_RECORD SET_:
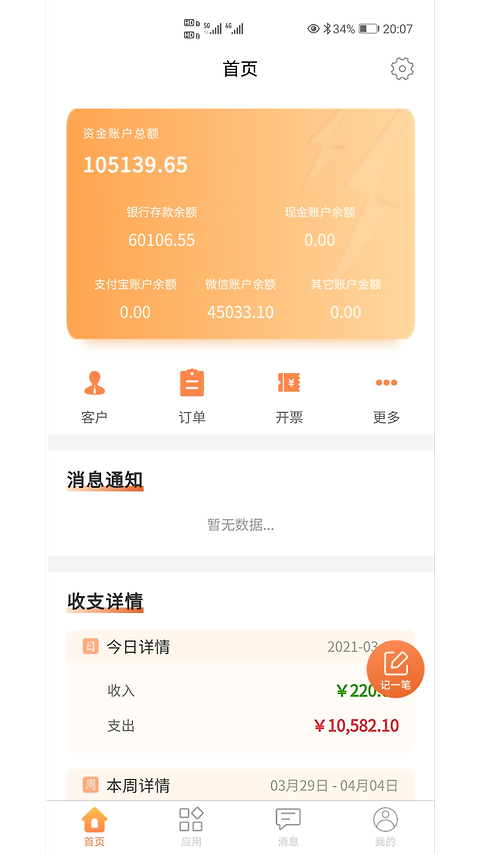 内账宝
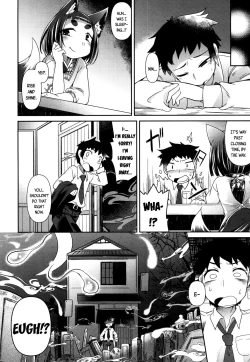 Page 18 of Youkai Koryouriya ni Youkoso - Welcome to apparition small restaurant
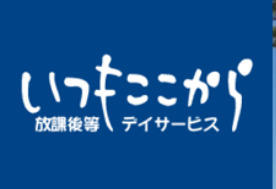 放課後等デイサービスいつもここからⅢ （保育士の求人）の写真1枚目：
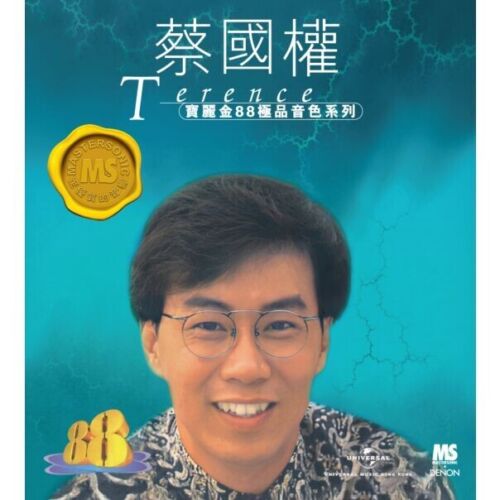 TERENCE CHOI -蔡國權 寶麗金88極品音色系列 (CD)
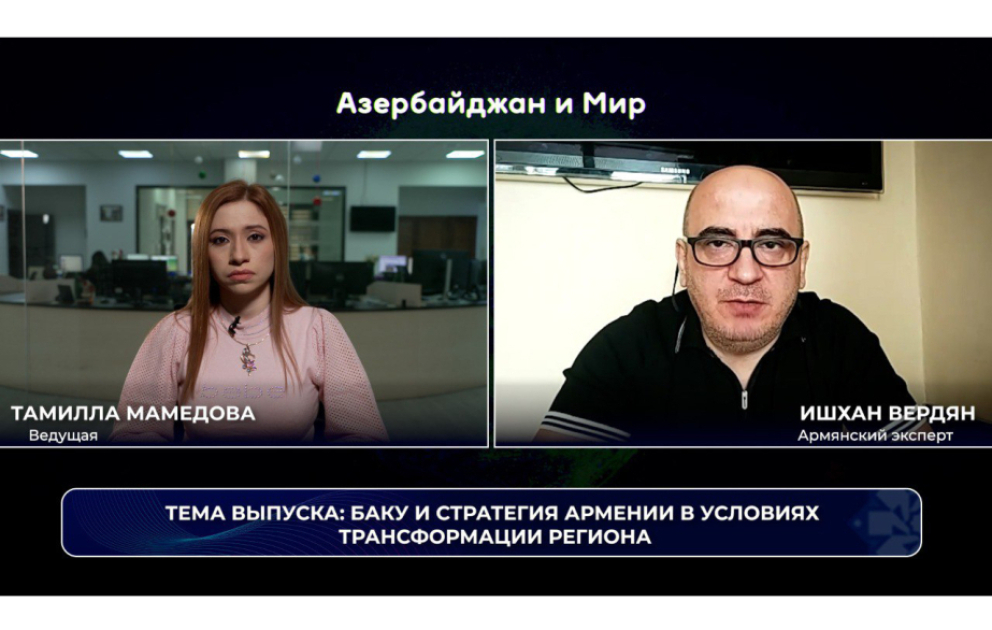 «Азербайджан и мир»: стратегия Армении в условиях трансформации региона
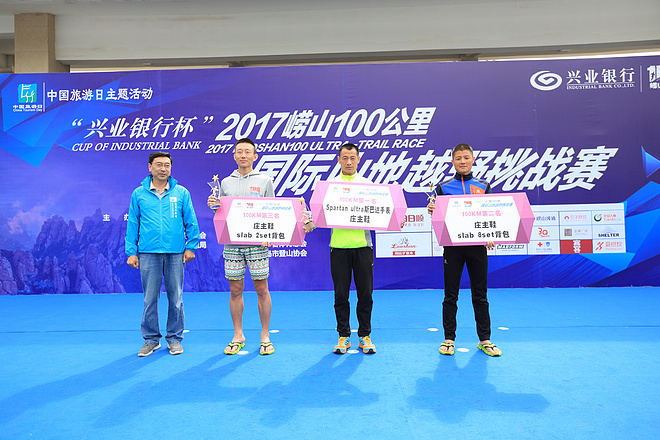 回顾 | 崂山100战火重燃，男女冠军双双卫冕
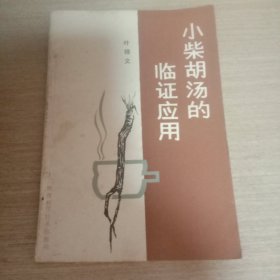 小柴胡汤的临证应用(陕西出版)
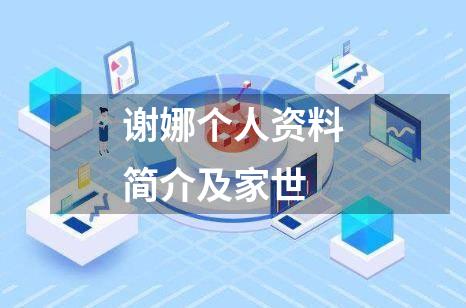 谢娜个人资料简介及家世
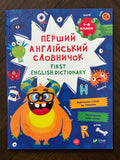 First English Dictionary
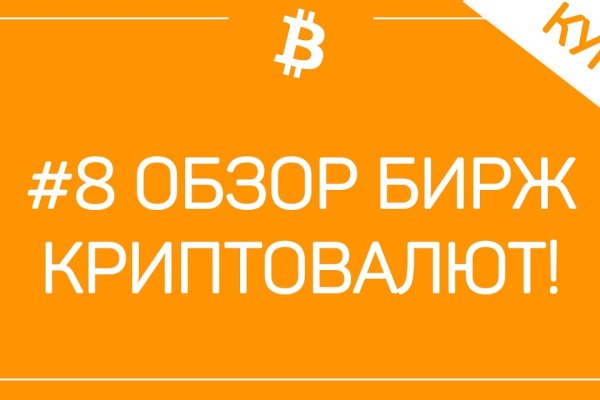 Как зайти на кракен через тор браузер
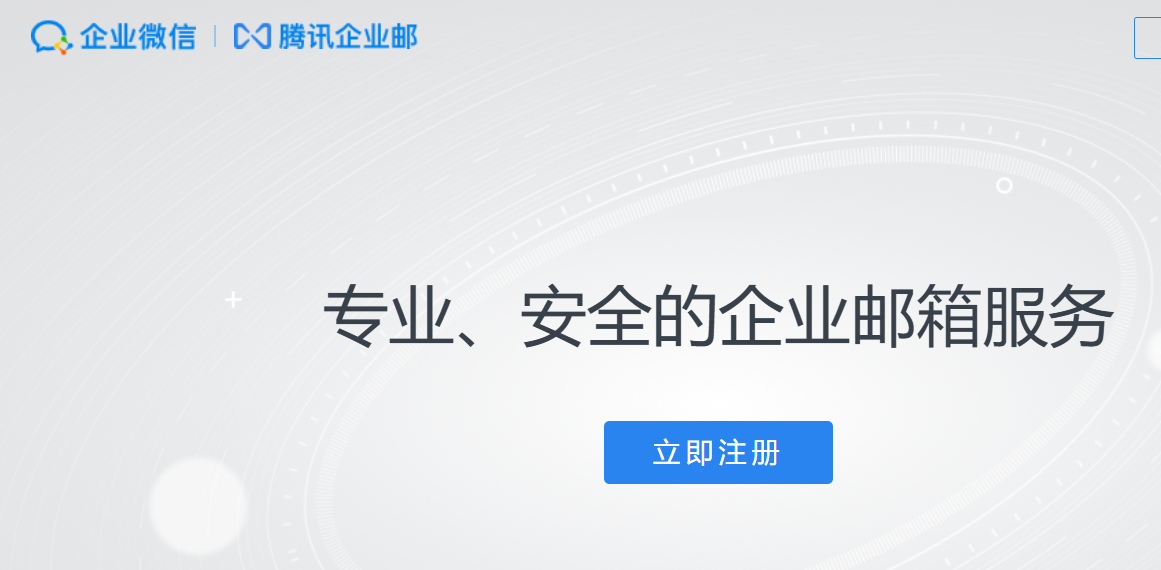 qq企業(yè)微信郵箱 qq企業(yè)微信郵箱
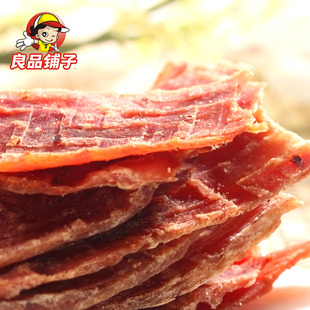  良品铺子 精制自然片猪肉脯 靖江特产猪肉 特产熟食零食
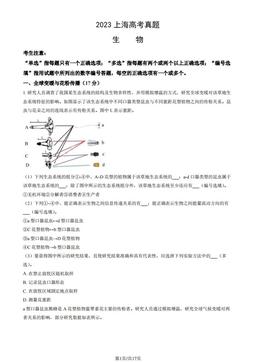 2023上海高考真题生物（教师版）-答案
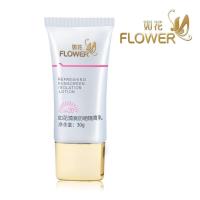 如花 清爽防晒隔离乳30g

---

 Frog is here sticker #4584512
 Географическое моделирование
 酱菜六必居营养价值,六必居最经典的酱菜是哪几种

_ACTIVITY_: Look above for the line with "回顾 | 崂山100战火重燃，男女冠军双双卫冕"; quote it and every line after it, stopping after the line with "如花 清爽防晒隔离乳30g", exactly, with nothing added and without pictures.

_RESULT FOR THIS EXERCISE_:
 回顾 | 崂山100战火重燃，男女冠军双双卫冕
 小柴胡汤的临证应用(陕西出版)
 谢娜个人资料简介及家世
 First English Dictionary
 Как зайти на кракен через тор браузер
 qq企業(yè)微信郵箱 qq企業(yè)微信郵箱
  良品铺子 精制自然片猪肉脯 靖江特产猪肉 特产熟食零食
 2023上海高考真题生物（教师版）-答案
 如花 清爽防晒隔离乳30g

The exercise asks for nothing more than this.